Solutions, from simplest to most powerful:
- Reverse index for suffix search:
CREATE INDEX idx_email_reverse ON users (reverse(email));
-- Query:
SELECT * FROM users WHERE reverse(email) LIKE reverse('%@example.com');
-- Becomes: WHERE reverse(email) LIKE 'moc.elpmaxe@%' ← prefix match, uses index- Functional index on domain:
CREATE INDEX idx_email_domain ON users (split_part(email, '@', 2));
-- Query:
SELECT * FROM users WHERE split_part(email, '@', 2) = 'example.com';This is the cleanest if you're always searching by domain.
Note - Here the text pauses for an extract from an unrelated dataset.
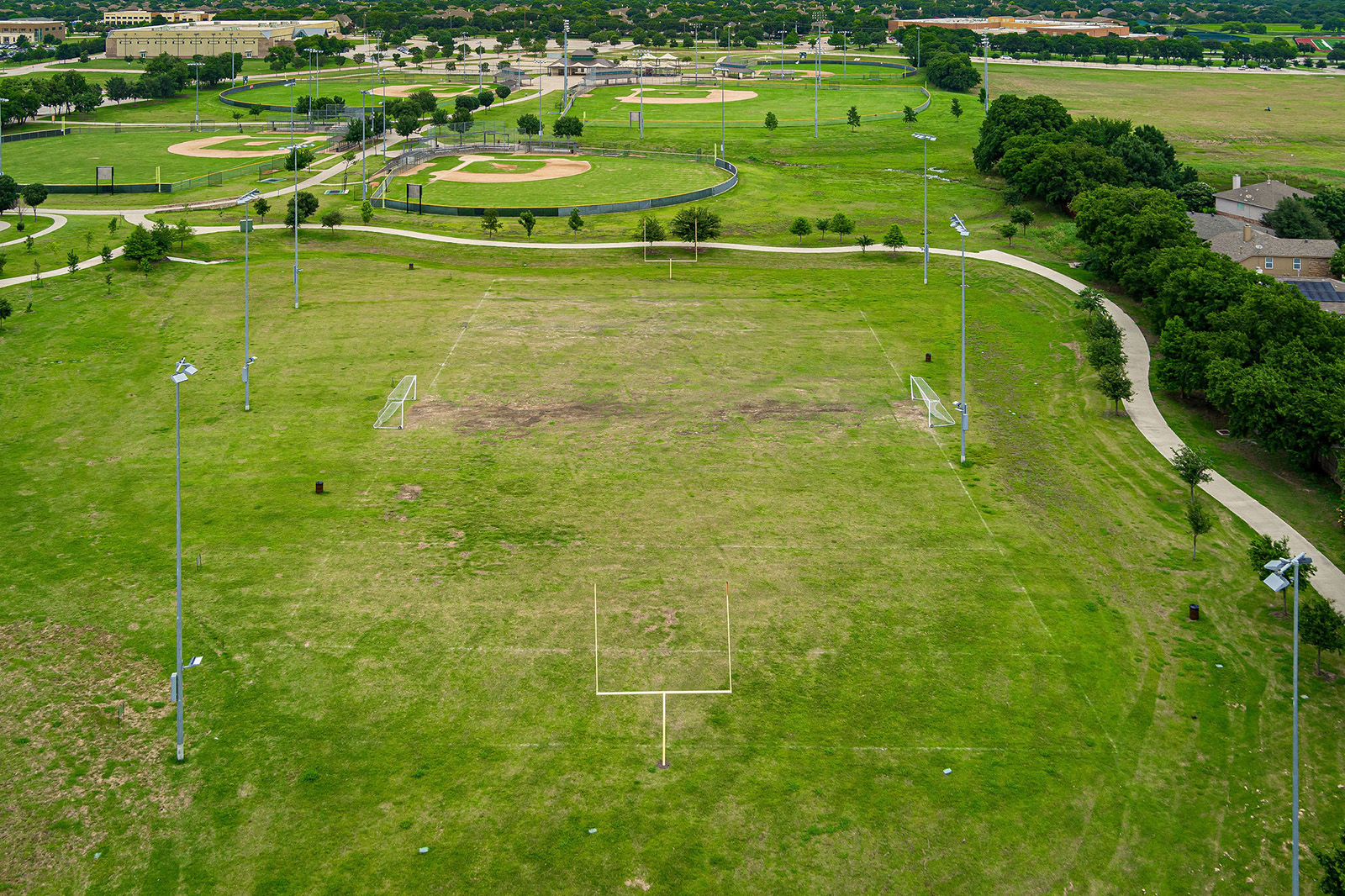 Aerial view of an empty grass sports field with goalposts, surrounded by light poles, pathways, and baseball fields in the background.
- pg_trgm for general LIKE/ILIKE:
CREATE EXTENSION IF NOT EXISTS pg_trgm;
CREATE INDEX idx_email_trgm ON users USING gin (email gin_trgm_ops);
-- Now this uses the index:
SELECT * FROM users WHERE email LIKE '%@example.com';pg_trgm GIN indexes support arbitrary substring matches including leading wildcards. This is the most flexible solution.
- Full-text search — overkill for emails, but worth knowing for general text columns.
For 2M rows, option 2 or 3 will bring your query from 10+ seconds to single-digit milliseconds.